• Exercise: Exactly the lines from the one with "Eco Drive Super Titanium Day Date" through the end of the records below are to be output, the first and last included, and no others.
(Beginning of Data for this task)
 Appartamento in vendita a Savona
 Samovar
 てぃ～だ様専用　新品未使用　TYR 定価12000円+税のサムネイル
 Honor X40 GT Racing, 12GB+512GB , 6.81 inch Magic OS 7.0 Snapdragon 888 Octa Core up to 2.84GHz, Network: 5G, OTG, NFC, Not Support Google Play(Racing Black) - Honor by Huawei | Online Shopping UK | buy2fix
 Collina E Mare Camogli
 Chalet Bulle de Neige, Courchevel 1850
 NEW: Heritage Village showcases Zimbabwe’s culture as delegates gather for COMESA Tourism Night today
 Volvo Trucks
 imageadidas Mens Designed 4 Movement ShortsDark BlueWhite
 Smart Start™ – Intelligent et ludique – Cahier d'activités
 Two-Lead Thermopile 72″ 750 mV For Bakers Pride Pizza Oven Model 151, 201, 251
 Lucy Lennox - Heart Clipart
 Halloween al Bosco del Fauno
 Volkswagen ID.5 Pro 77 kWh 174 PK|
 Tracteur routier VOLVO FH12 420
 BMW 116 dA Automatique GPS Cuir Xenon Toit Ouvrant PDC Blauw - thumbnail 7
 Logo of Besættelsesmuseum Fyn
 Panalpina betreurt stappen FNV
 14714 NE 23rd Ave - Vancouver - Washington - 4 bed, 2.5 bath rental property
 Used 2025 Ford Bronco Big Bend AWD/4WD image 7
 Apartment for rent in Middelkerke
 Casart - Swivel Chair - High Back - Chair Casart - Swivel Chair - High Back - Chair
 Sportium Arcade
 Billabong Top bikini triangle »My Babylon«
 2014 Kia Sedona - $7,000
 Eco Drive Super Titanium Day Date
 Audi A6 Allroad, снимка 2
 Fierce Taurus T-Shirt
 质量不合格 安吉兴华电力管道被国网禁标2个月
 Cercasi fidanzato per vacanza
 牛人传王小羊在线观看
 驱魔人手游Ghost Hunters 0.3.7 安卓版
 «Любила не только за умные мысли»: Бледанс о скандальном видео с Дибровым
(End of Data for this task)
• Written answer:
 Eco Drive Super Titanium Day Date
 Audi A6 Allroad, снимка 2
 Fierce Taurus T-Shirt
 质量不合格 安吉兴华电力管道被国网禁标2个月
 Cercasi fidanzato per vacanza
 牛人传王小羊在线观看
 驱魔人手游Ghost Hunters 0.3.7 安卓版
 «Любила не только за умные мысли»: Бледанс о скандальном видео с Дибровым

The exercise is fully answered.